How Does One Gain Experience?
Experience is having something go wrong, figuring out how to prevent it from going wrong again, and in the future, remembering how it was fixed.
When things go wrong, an experience is happening. Learn from the experience and become experienced.
By Douglas Krantz
Someone once said, "Experience is something you gain when things go wrong."
If every time one goes on site to fix the
fire alarm system the problem is obvious, being a troubleshooter is boring. No experience is gained.
When, for the umpteen-hundredth time, the
battery in someone's fire alarm communicator needs replacement, as a troubleshooter, you know what to bring into the building with you. It's an obvious problem, and it's an obvious fix. The equipment has called the monitoring company to say "replace the batteries" and the building manager may not even know about the problem.
yet.
You explain to the building manager the reason for the visit and say "I know what the problem is." You ask for the telephone room. Then, without any real troubleshooting, you replace the battery. Then you walk out; no experience gained.
Experience is Gained When Things Don't Work Out
Originally, the service call may have been for replacing the battery, but then a new battery doesn't fix it.
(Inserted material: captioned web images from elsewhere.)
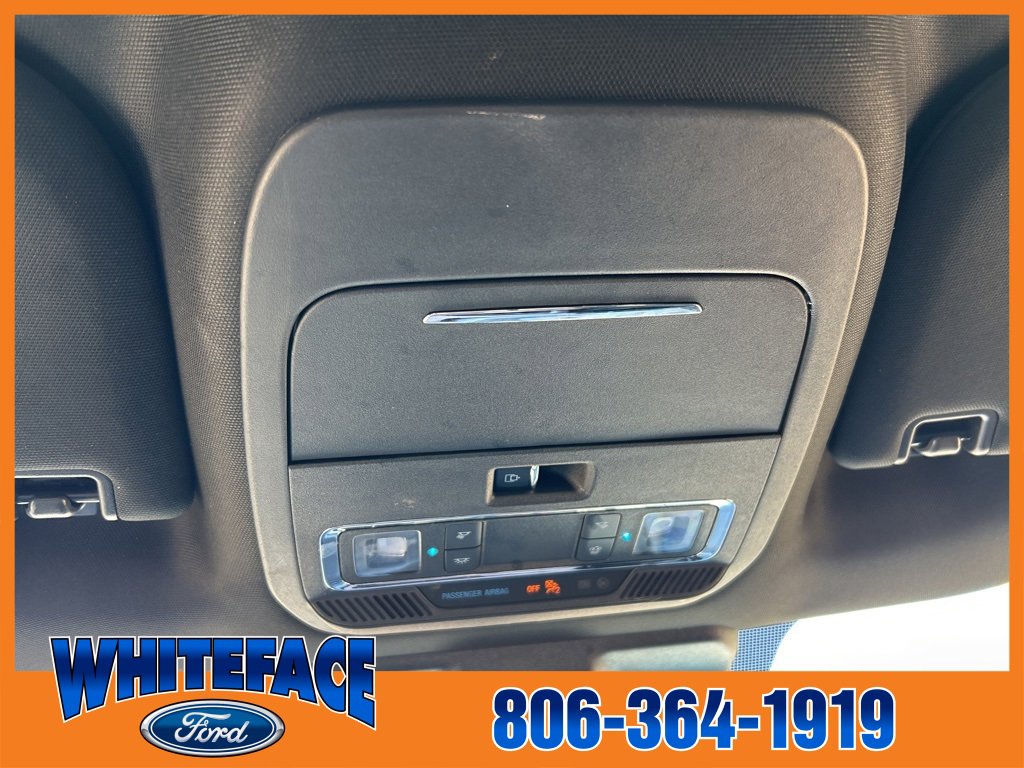 Used 2024 Ford F150 Lariat w/ Tow/Haul Package image 35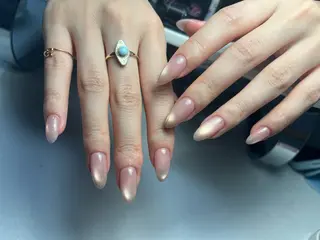 ネイル mione nail salonのネイルデザイン
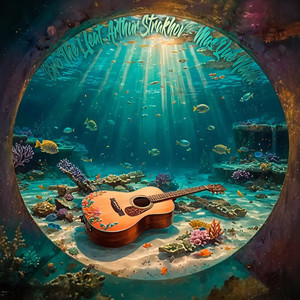 Mas Que Nada (ElectroСhill Edition)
When this happens, you have to wonder "Why doesn't it work?"
You search until you find the real problem and then you make the repairs.
Once the problem is found and fixed, you can say "I have gained the experience of finding and fixing this problem."
Experience
When troubleshooting isn't obvious, when going on site one doesn't just walk up to the problem and fix it, when one can't say to the building manager "I know just where the problem is" without looking first, that's when new things are learned and that's when one gains experience.